Há alguns anos, o presidente da Souza Cruz, Flávio de Andrade, militou na causa contra a proibição do fumo em ambientes de trabalho, estabulando-se os viciados em constrangedores fumódromos. Ele explicou que combateu a idéia de que a fumaça faça mal aos não-fumantes.

Micromania

A ekipekonômica está discutindo em Brasília se deve haver uma esquina no cruzamento da avenida Paulista com a rua Augusta.
O Banco Central ainda não aceitou um plano da Caixa Econômica para que os trabalhadores brasileiros que vivem nos Estados Unidos remetam dinheiro para Pindorama pagando taxas razoáveis. No interesse da choldra, a Caixa quer usar um mecanismo amparado em cartões de crédito.
Incrível ekipe. Discute se deve autorizar uma coisa que, como a esquina da Augusta, já existe.
Imagine-se um motorista chamado Luiz Inácio, que vive em Nova York e tem um tio de nome Dirceu em Governador Valadares. Luiz Inácio está em dia com as leis da imigração americana. Ele pede um cartão de crédito e coloca Dirceu como dependente. Isso significa que o tio poderá fazer despesas em Minas e elas serão cobradas ao sobrinho em Nova York.

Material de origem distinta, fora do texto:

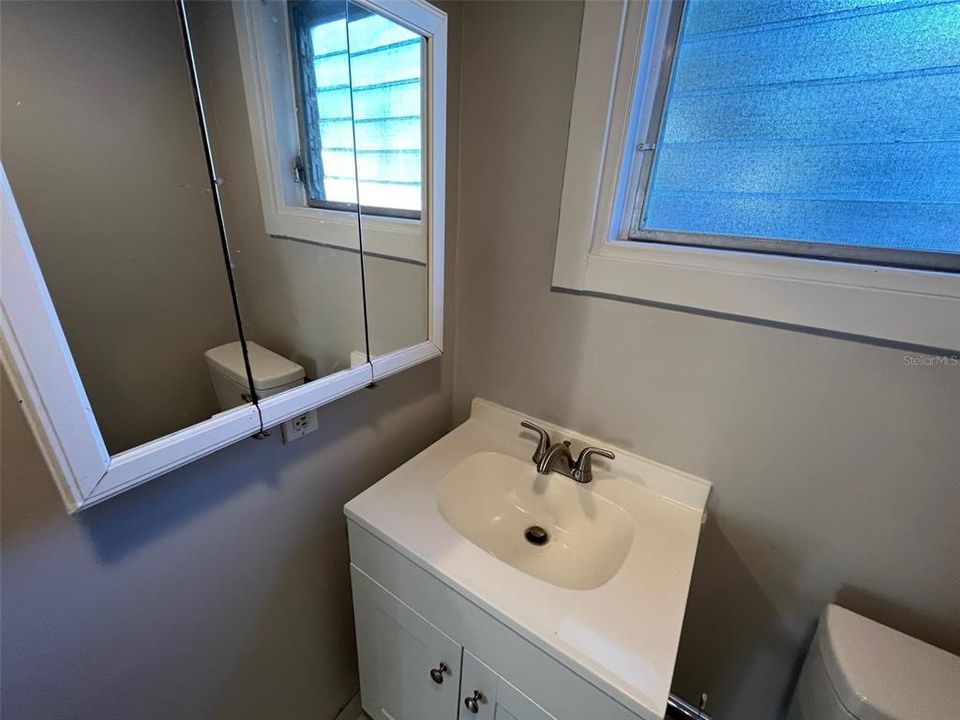 Active With Contract: $134,900 (2 beds, 1 baths, 640 Square Feet)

Luiz Inácio combina com Dirceu que ele pode gastar o equivalente a US$ 300. Recebe a fatura, paga-a e não deve contas ao doutor Henrique Meirelles.

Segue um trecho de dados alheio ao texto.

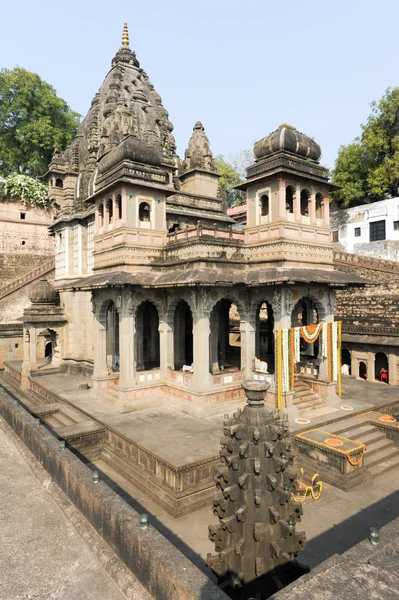 Tempelpalast von Maheshwar auf Indien — Stockfoto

O que a Caixa quer é tornar o tio desnecessário, eliminando o aspecto precário da transação. Fica fora mais da metade dos trabalhadores brasileiros, por falta de papéis da imigração.
Vale a pena saber quando o doutor Henrique Meirelles vai baixar uma norma permitindo que a avenida Atlântica e a rua Barata Ribeiro sejam paralelas.